Purpose’s Double-Edged Sword

Best-selling author Dan Goleman explains why purpose can make an organization healthier only if it’s done credibly. 

Daniel Goleman is author of the international best-seller Emotional Intelligence and of the forthcoming Optimal: How to Sustain Personal and Organizational Excellence Every Day. He is a regular contributor to Korn Ferry. 

When companies started taking purpose more seriously, social and environmental impact was a focus. This was before sustainability was on the consumer radar and before there was much of a marketing incentive to call oneself an eco-conscious company.

Fast forward, and purpose is moving toward becoming a hallmark of “good business.” But as purpose has risen in popularity, so have corporate practices like greenwashing, the act of conveying false or misleading information about a company’s environmental footprint. In 2021, a review of online sustainability claims in the EU revealed that 42% involved greenwashing in the form of false, deceptive, or exaggerated claims – claims that could potentially qualify as unfair commercial practices under EU rules. When EU authorities looked at the claims in more detail, they found they often had one thing in common: vague language or general statements using buzzwords such as “conscious,” “eco-friendly,” or “sustainable,” all of which aimed to convince consumers that a product had no negative impact on the environment.

Of course, such deception has been a long-standing issue in marketing. The beneficial question isn’t “Why would a brand make claims that aren’t true?” but “What is in the way of purpose becoming an essential part of how companies do business?”

One answer could be organizational health – a term used to describe a company's ability to work productively and positively toward a shared goal or mission. According to new research, organizational health is both the strongest predictor of value creation and a company’s ability to be competitive over time. In one evaluation, looking at 1,500 companies in 100 countries, firms that had improved their organizational health saw their EBITDA (earnings before interest, taxes, depreciation, and amortization) increase 18% after one year.

As many seasoned leaders know, embracing purpose goes well beyond marketing– it’s a fundamentally different way of making decisions. The same things that go under the definition of organizational health are what make for success in any kind of company: decisive leadership, clear goals, a well-articulated mission, and engaged employees who are willing to innovate and embrace change.

Late last year the CEO of a prominent firm caught people’s attention when he said that purpose in the marketplace wasn’t going to be helped by force-fitting it into every brand. That statement was a marked shift from the philosophy with his predecessor, who wanted to emphasize the sustainability efforts of all of the company’s products.

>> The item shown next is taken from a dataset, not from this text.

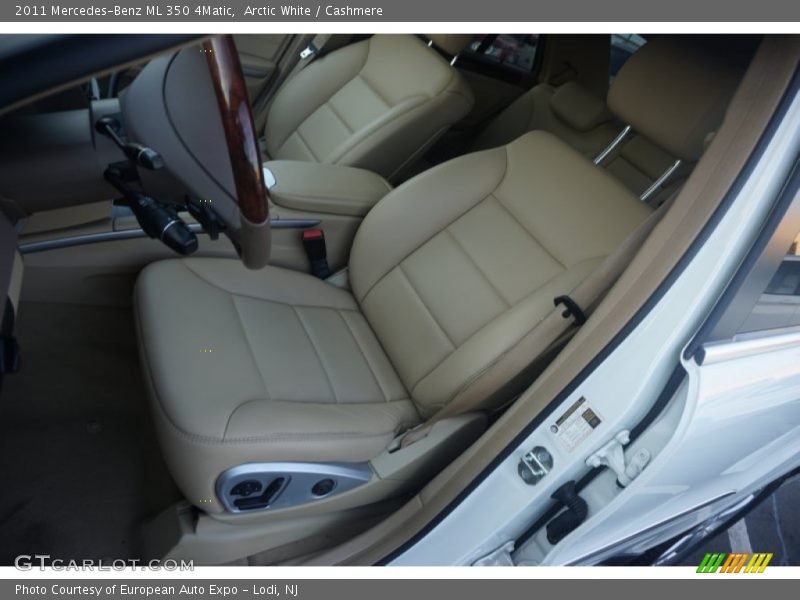 Front Seat of 2011 ML 350 4Matic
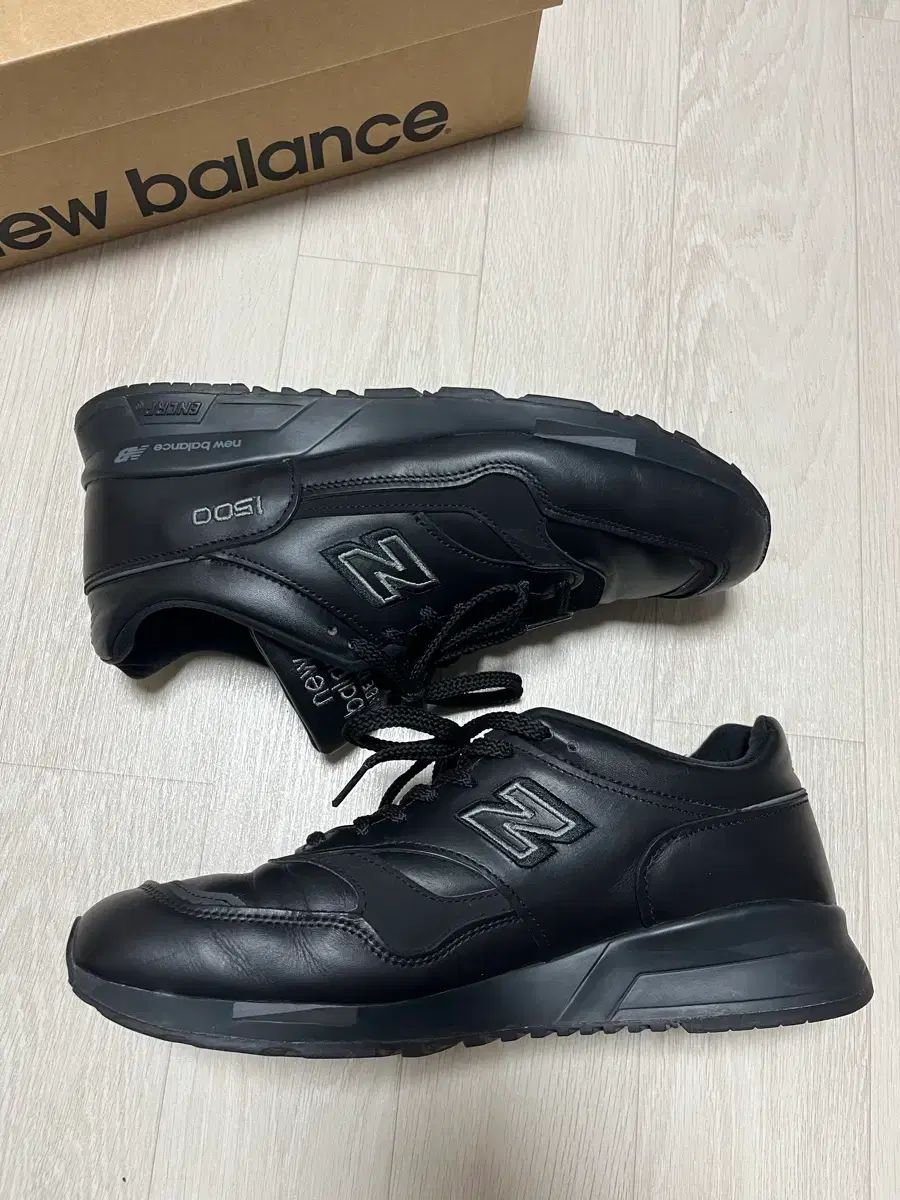 ニューバランス 1500 オールブラック 275 - メルカリ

While the CEO agrees with his predecessor that brand purpose can be highly effective when done well and with credibility, he believes the firm might be better served if it stopped trying to make every product line in their portfolio so rife with meaning.

This shift in focus may be a useful model for leaders looking to be purpose centered. If leaders can focus less on marketing and more on organizational health, then their mission might actually be more achievable.

Experts in organizational health say leaders should ask themselves, “How do I run the place each and every day—in each and every meeting—in ways that are both healthy and conducive to creating high performance?”

Were experts in corporate purpose to advise leaders, their mandate might be similar: “How do I run the place each and every day—in each and every meeting—in ways that are conducive to bettering the world?”